Assignment:
I'd like the line containing "Set de jouets" and every line below it, to the end of the material, repeated exactly and with nothing else.

Material for the task:
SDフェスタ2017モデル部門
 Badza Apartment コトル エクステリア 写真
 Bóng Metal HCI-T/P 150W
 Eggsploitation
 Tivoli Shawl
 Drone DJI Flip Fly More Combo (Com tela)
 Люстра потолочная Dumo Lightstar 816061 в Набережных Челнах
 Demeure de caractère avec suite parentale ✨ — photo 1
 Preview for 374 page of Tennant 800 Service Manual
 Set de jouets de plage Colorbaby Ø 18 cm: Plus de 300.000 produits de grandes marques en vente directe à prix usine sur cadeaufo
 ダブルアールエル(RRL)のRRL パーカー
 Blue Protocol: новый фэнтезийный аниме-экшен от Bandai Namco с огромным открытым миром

Finished task:
 Set de jouets de plage Colorbaby Ø 18 cm: Plus de 300.000 produits de grandes marques en vente directe à prix usine sur cadeaufo
 ダブルアールエル(RRL)のRRL パーカー
 Blue Protocol: новый фэнтезийный аниме-экшен от Bandai Namco с огромным открытым миром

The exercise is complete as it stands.